= Task to complete =
All of the records below must be output exactly, with no pictures carried over.

---- Exercise material

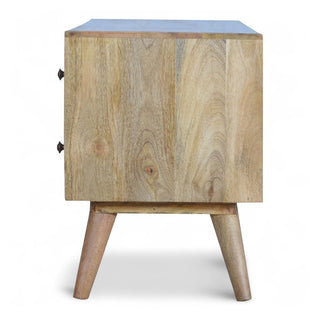 Mid-Century Solid Wood Media Stand with 4 Drawers - wood grain close up
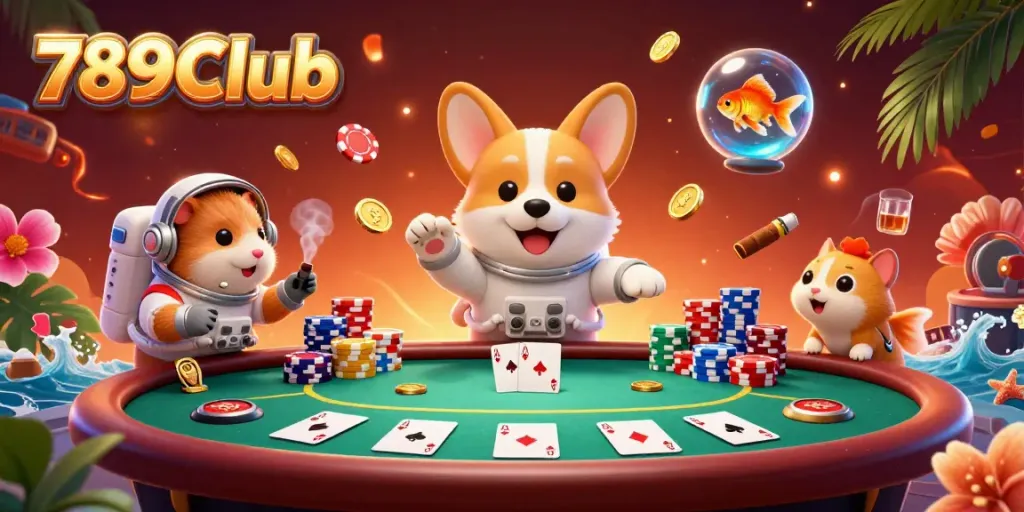 Experience the thrill of gaming with 789Club's vibrant 3D casino scene featuring a playful astronaut corgi.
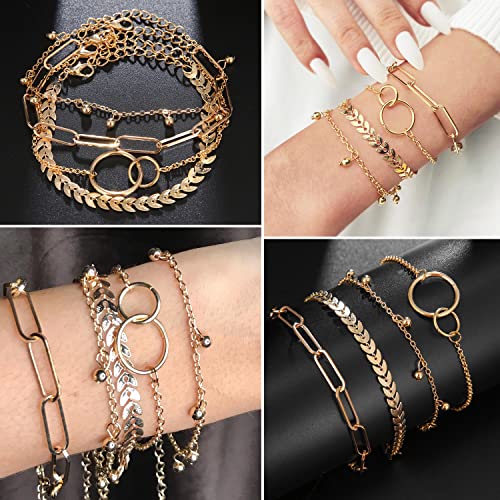 Image of 17IF 18-25 PCS(6 Pack) Boho Gold Silver Stackable Bracelets Set for Women | Chunky Dainty Bangles Adjustable Chain Flat Cuff Cuban Punk Charm Bundle Jewelry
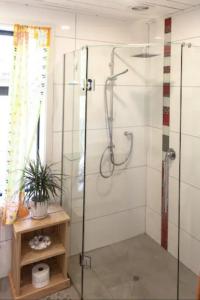 a shower with a glass door in a bathroom at Stunning Scandi Style Home Overlooking Lake Wanaka in Wanaka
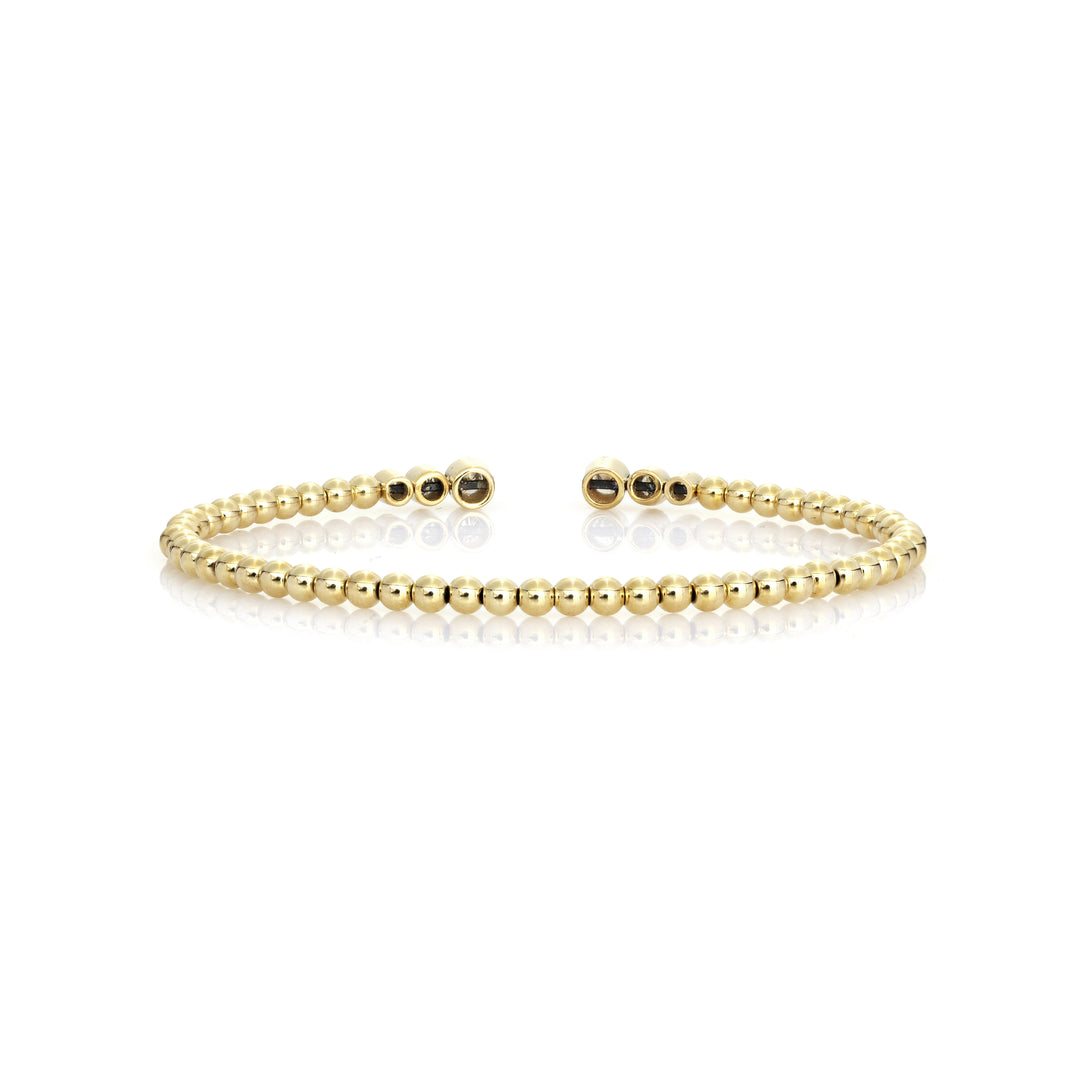 0.42 Cts White Diamond Flex Bangle in 14K Yellow Gold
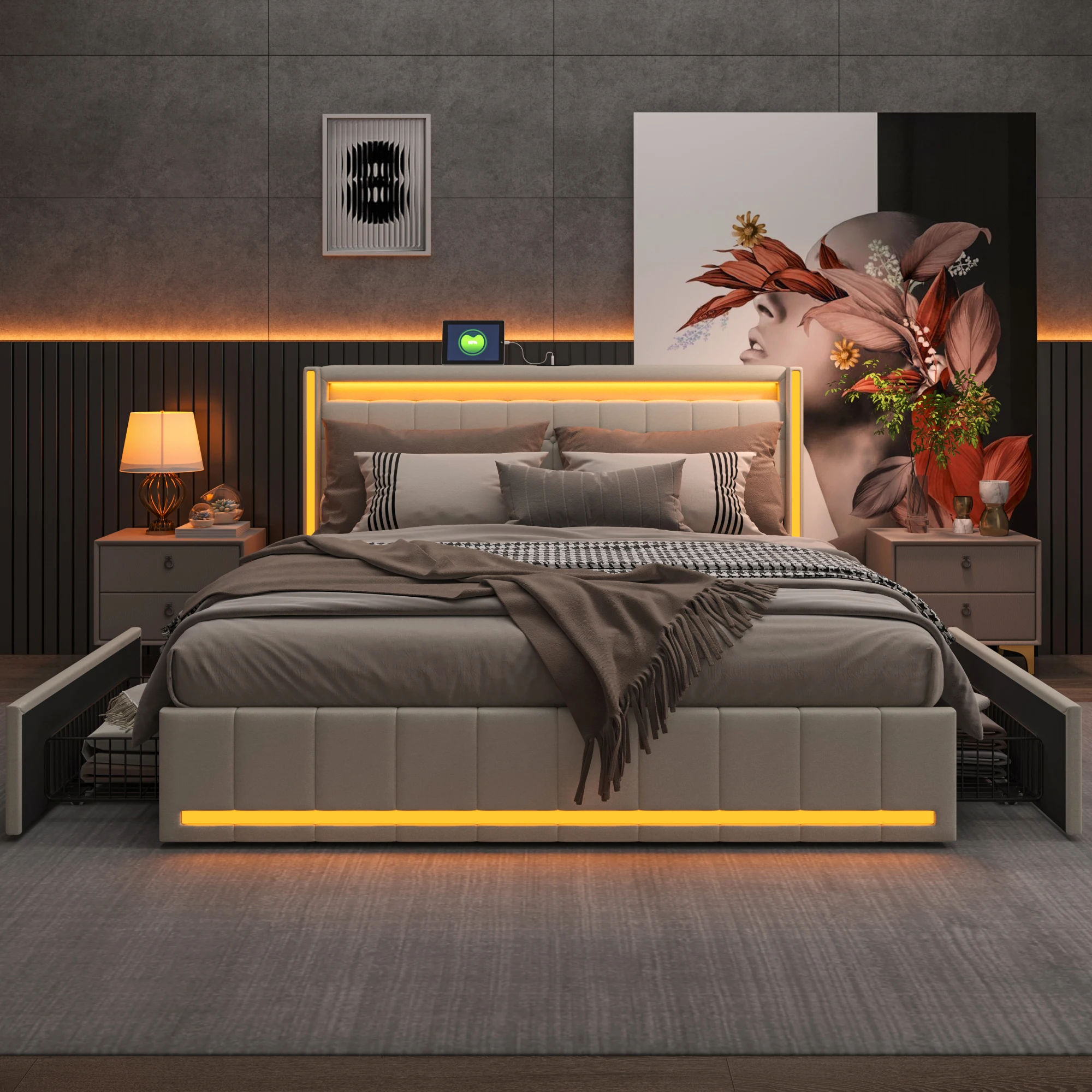 Lit rembourré Comanlai 140 x 190 cm, lit double avec éclairage LED, 4 tiroirs en fer et un port de charge USB, lin, beige
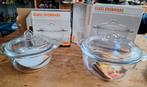 2 ovenschalen met deksel, Ophalen of Verzenden, Zo goed als nieuw, Glas, Overige stijlen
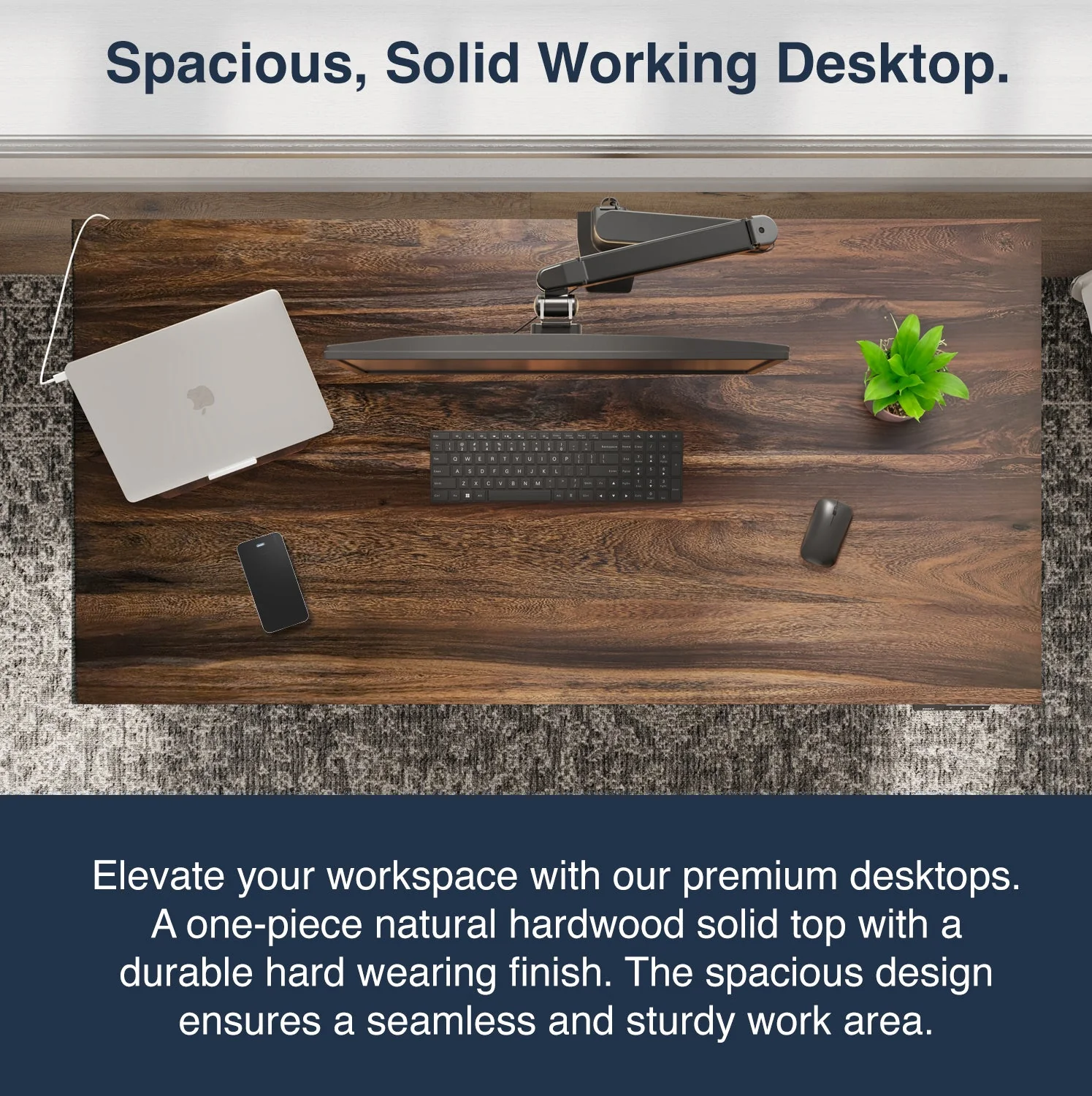 Desky Dual Hardwood Sit Stand Desk 200cm Walnut Desktop and Grey Frame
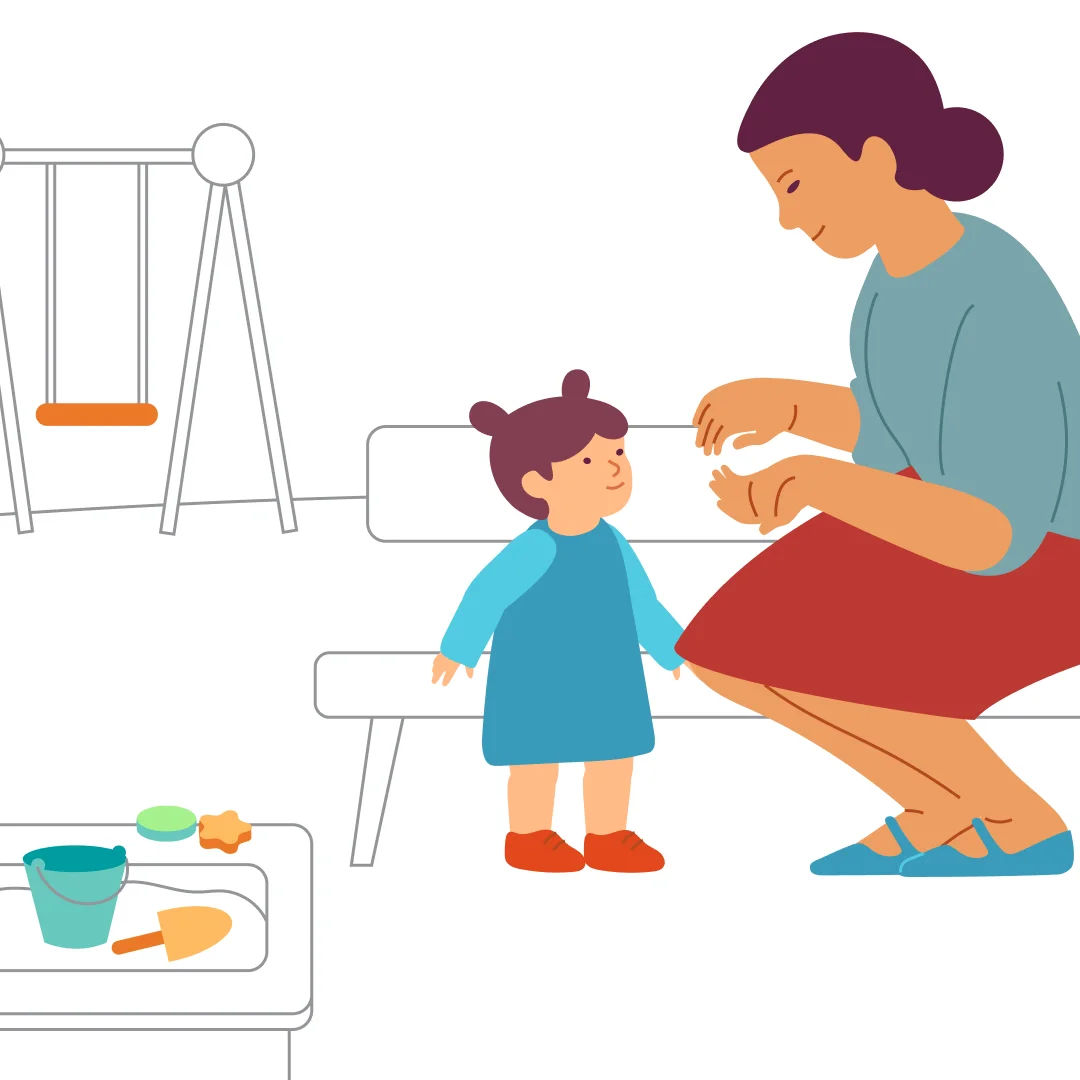 Illustration for “Look Around!”, step 1: Choose the same routes and places for walks.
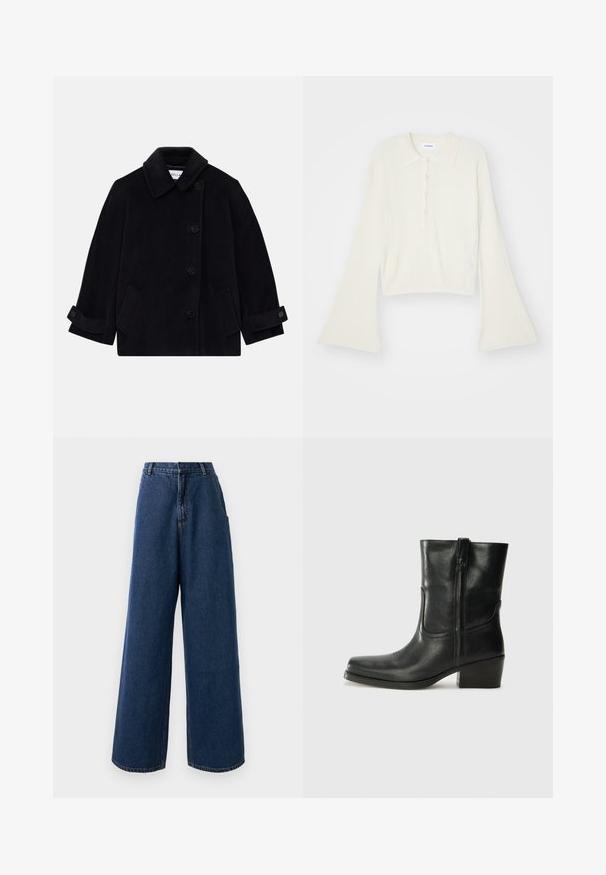 Námornícky modrý vlnený kabát s golierom, jednoradovým uzatváraním na gombíky, dvoma bočnými vreckami a manžetami s gombíkmi.; Ribovaný krémový polo tričko s dlhými rozpätými rukávmi a päťtlačidlovou légou. Obsahuje golier s jemnou textúrou.; Džíny s vysokým pásom a širokými nohavicami v tmavomodrej džínsovej látke s predným zapínaním na gombík a zips, pútkami na opasok a bočnými vreckami.; Čierne kožené členkové topánky s okrúhlou špičkou, blokovým podpätkom, bočným zipsom a prešívaním na priehlavku. Hladká textúra, klasický dizajn.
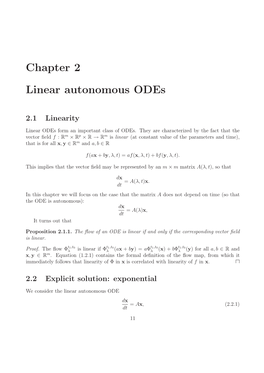 Chapter 2 Linear Autonomous Odes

--------

= Exercise solution =
 Mid-Century Solid Wood Media Stand with 4 Drawers - wood grain close up
 Experience the thrill of gaming with 789Club's vibrant 3D casino scene featuring a playful astronaut corgi.
 Image of 17IF 18-25 PCS(6 Pack) Boho Gold Silver Stackable Bracelets Set for Women | Chunky Dainty Bangles Adjustable Chain Flat Cuff Cuban Punk Charm Bundle Jewelry
 a shower with a glass door in a bathroom at Stunning Scandi Style Home Overlooking Lake Wanaka in Wanaka
 0.42 Cts White Diamond Flex Bangle in 14K Yellow Gold
 Lit rembourré Comanlai 140 x 190 cm, lit double avec éclairage LED, 4 tiroirs en fer et un port de charge USB, lin, beige
 2 ovenschalen met deksel, Ophalen of Verzenden, Zo goed als nieuw, Glas, Overige stijlen
 Desky Dual Hardwood Sit Stand Desk 200cm Walnut Desktop and Grey Frame
 Illustration for “Look Around!”, step 1: Choose the same routes and places for walks.
 Námornícky modrý vlnený kabát s golierom, jednoradovým uzatváraním na gombíky, dvoma bočnými vreckami a manžetami s gombíkmi.; Ribovaný krémový polo tričko s dlhými rozpätými rukávmi a päťtlačidlovou légou. Obsahuje golier s jemnou textúrou.; Džíny s vysokým pásom a širokými nohavicami v tmavomodrej džínsovej látke s predným zapínaním na gombík a zips, pútkami na opasok a bočnými vreckami.; Čierne kožené členkové topánky s okrúhlou špičkou, blokovým podpätkom, bočným zipsom a prešívaním na priehlavku. Hladká textúra, klasický dizajn.
 Chapter 2 Linear Autonomous Odes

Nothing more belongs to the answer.